Developing your piece is important for the simple reason that pawns are not as valuable pieces because they can only move forward in one direction. This is why it isn't good to have a lot of pawn moves. They are vulnerable chess pieces because they are unable to retreat and have very poor mobility, and they are very limited when trying to adapt to an opponent's moves.

When you make a pawn move, the position of your piece is concrete and your only defense for it can be with minor pieces. Also, when you develop your chess pieces, you end up controlling more squares, thereby increasing your own mobility while decreasing your opponent's.

Another important move to understand and use is castling. When castling, a king and rook can move simultaneously, but only under the following conditions:

  • The king that will make the castling move has not yet moved.
  • The rook that will make the castling move has not yet moved.
  • The king is not in check.
  • The king cannot move over a square that is attacked by an opponent's piece during the castling move.
  • All squares between the rook and king before the castling move are empty.
  • The King and rook must occupy the same row.
In short, when castling, the king moves two squares towards the rook, and the rook moves over the king to the next square.

Castling in chess is a very good strategic move and although this is widely known, few know the reason for it.
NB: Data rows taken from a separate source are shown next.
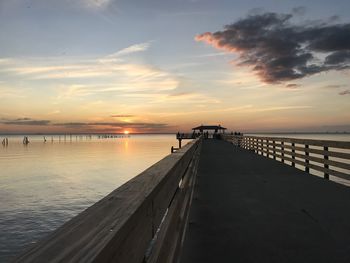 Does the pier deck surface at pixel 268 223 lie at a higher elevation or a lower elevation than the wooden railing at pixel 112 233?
lower

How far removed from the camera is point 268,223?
587 cm

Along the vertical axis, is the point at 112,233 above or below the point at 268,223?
above

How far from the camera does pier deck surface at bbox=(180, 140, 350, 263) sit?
4449mm

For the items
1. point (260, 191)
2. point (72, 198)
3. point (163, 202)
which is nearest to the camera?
point (163, 202)

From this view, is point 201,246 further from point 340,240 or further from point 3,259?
point 3,259

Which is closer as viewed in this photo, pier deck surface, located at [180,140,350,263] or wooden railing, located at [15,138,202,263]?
wooden railing, located at [15,138,202,263]

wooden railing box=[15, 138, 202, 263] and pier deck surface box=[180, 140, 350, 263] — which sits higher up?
wooden railing box=[15, 138, 202, 263]

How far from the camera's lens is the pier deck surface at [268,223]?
4449 millimetres

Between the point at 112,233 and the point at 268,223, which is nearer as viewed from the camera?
the point at 112,233

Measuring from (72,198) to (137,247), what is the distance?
61.7 feet

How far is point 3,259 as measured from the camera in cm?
951

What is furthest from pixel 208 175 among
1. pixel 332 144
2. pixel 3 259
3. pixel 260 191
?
pixel 3 259

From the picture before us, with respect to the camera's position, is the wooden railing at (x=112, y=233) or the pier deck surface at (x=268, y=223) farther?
the pier deck surface at (x=268, y=223)

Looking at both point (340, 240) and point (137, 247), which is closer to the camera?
point (137, 247) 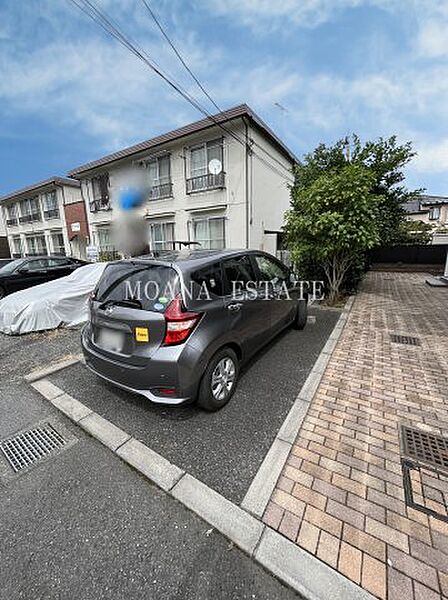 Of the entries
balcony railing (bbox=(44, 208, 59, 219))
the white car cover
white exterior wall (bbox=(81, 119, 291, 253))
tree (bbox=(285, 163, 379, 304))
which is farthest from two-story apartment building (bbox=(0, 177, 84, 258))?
tree (bbox=(285, 163, 379, 304))

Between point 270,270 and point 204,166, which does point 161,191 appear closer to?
point 204,166

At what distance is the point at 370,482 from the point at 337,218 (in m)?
5.06

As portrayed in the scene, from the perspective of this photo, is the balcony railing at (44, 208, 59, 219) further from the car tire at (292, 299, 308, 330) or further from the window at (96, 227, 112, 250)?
the car tire at (292, 299, 308, 330)

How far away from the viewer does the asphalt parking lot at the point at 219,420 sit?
6.73 ft

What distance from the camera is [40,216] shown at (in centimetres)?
1934

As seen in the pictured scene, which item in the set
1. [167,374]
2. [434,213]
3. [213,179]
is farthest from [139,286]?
[434,213]

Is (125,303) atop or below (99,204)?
below

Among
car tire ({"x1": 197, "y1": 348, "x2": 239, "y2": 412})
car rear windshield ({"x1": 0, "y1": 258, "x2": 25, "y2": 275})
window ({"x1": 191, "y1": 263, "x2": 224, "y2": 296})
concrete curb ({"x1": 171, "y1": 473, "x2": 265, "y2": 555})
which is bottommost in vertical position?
concrete curb ({"x1": 171, "y1": 473, "x2": 265, "y2": 555})

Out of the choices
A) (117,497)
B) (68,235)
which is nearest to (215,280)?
(117,497)

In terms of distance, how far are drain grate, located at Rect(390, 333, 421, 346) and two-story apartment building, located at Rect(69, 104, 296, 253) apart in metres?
7.04

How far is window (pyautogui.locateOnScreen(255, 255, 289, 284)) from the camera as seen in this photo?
12.2 ft

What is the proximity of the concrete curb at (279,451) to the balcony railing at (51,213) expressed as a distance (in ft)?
67.4

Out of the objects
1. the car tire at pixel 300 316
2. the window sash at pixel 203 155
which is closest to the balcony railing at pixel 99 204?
the window sash at pixel 203 155

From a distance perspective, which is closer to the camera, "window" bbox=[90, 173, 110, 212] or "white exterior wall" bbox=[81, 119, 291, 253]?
"white exterior wall" bbox=[81, 119, 291, 253] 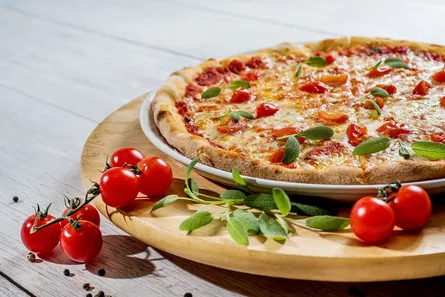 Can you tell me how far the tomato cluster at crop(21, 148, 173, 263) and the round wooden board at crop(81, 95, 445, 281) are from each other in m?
0.09

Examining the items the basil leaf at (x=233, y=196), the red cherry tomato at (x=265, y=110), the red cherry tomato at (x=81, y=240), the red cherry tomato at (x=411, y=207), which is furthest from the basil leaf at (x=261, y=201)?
the red cherry tomato at (x=265, y=110)

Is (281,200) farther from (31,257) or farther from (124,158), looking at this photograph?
(31,257)

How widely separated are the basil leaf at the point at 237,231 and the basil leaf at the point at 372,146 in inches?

There are two reasons behind why you would want to castle your chess pieces. The first is that when you castle, you are engaging your rook into play and second is that you are placing your king into a safe position on the chess board. When you have both your bishop and your knight still on the back rank, which means you haven't castled, then your rooks are not engaged in play and have a limited mobility.

These are just 3 simple guide lines to follow that can help you greatly improve your chess game.